#### EXERCISE GOAL
From the first line to the last, repeat the records exactly and skip the pictures.

(Image-caption web data)
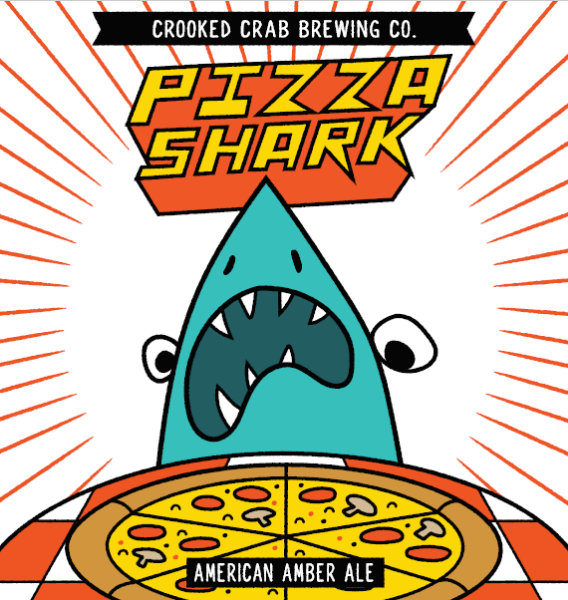 Picture of Crooked Crab Brewing - Pizza Shark Red Ale 4pk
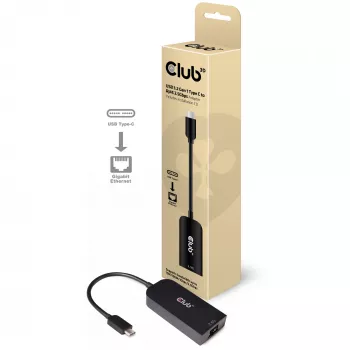 CLUB3D USB 3.2 Gen1 Type C uz RJ45 2.5Gbps adapteris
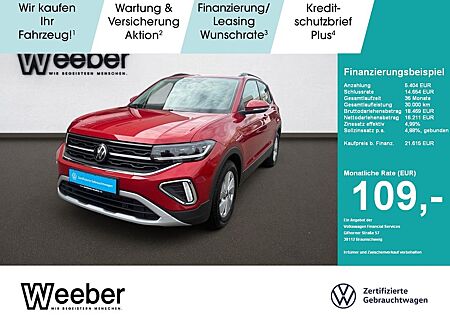 VW T-Cross gebraucht kaufen VW T-Cross Volkswagen Life *MATRIX*LANE-TRAVEL-ASSIST*APP*ACC*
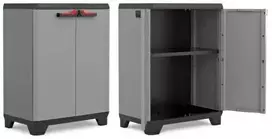 KETER Įrankių spintelė su lentynomis STILO 68x39x90cm Pilka/Juoda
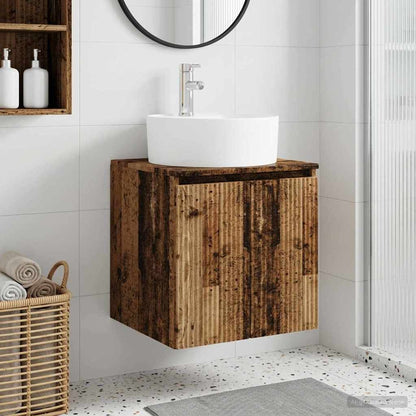 vidaXL Wall-Mounted Sink Vanity Old Wood 49.5 x 44.5 x 65 cm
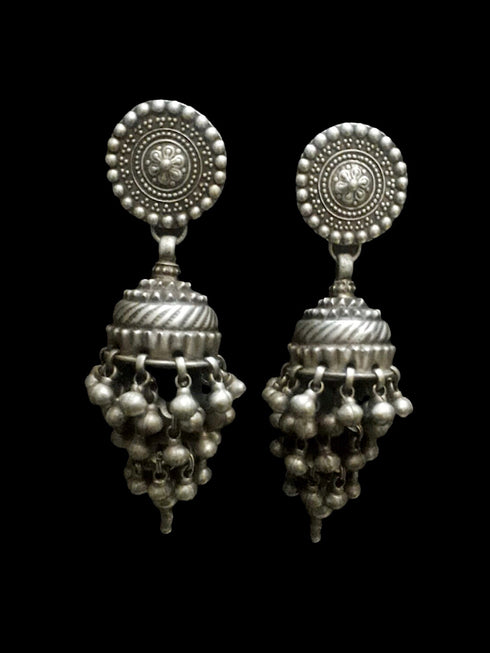 Vintage silver big ghungaroo jhumka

#### THE ANSWER
 Picture of Crooked Crab Brewing - Pizza Shark Red Ale 4pk
 CLUB3D USB 3.2 Gen1 Type C uz RJ45 2.5Gbps adapteris
 VW T-Cross gebraucht kaufen VW T-Cross Volkswagen Life *MATRIX*LANE-TRAVEL-ASSIST*APP*ACC*
 KETER Įrankių spintelė su lentynomis STILO 68x39x90cm Pilka/Juoda
 vidaXL Wall-Mounted Sink Vanity Old Wood 49.5 x 44.5 x 65 cm
 Vintage silver big ghungaroo jhumka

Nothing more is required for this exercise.